Competition Law in India
Competition is generally denoted as healthy economic rivalry between market players to attract customers. Businesses always would aspire to get customers in order to achieve growth. While competition encourages economic growth in a market economy, it is equally important to ensure that free and fair competition is ensured so that crony capitalism do not stall healthy business environment. A wee defined Competition law is an essential ingredient for unlocking full growth potential in critical areas of economy.
In India the first competition law was enacted in 1969 i.e. Monopolies and Restrictive Trade Practices Act, 1969 [‘MRTP Act, 1969’]. The Monopolies and Restrictive Trade Practices Bill was introduced in the Parliament in the year 1967. The MRTP Act, 1969 came into force, with effect from, 1 June, 1970.
The enactment of MRTP Act, 1969 was based on the socio – economic philosophy enshrined in the Directive Principles of State Policy contained in the Constitution of India.
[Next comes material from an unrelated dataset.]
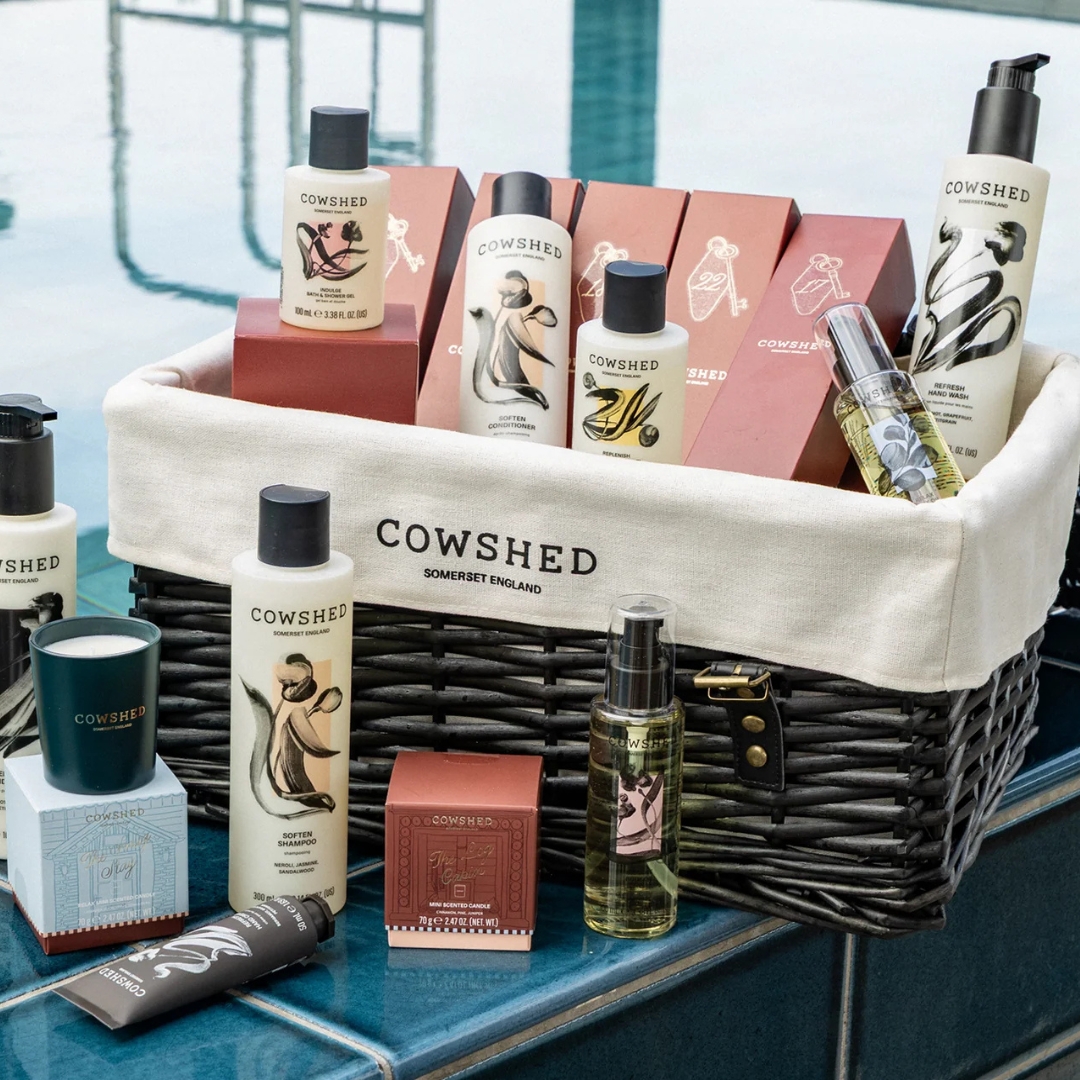 Cowshed Advent Calendar 2026 with its contents in front of it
The MRTP Act, 1969 underwent amendments in the 1974, 1980, 1982, 1984, 1986, 1988 and 1991. Later based on international developments there was a realisation that rather than restricting ourselves to merely curbing restrictive trade practises the real aim needs to be to promote competition. Accordingly, the Monopolies and Restrictive Trade Practices Act, 1969 [MRTP Act] repealed and was replaced by the Competition Act, 2002, with effect from 1 September, 2009.
The Competition Act, 2002 was enacted to provide for the establishment of a Commission to prevent practices having adverse effect on competition, and to promote and sustain competition in the business environment and to protect the interest of consumers and also to ensure freedom of trade carried on by other participants in markets in India and for matters connected therewith or incidental thereto. The Competition Act, 2002 came into existence in January, 2003 and the Competition Commission of India [‘CCI’] was established on 14 October, 2003. CCI functions as market regulator for preventing and regulating anti – competitive practices in the country.
The Act was subsequently amended by the Competition (Amendment) Act, 2007 and Competition (Amendment) Act, 2009. The provisions of the Competition Act relating to anti-competitive agreements and abuse of dominant position were notified on 20May, 2009.
Introduction of the Act was a key step towards facing competition. The Competition Act, 2002 is not intended to prohibit competition in the market. The legislation prohibits anti-competitive agreements, abuse of dominant position and regulates mergers, amalgamations and acquisitions.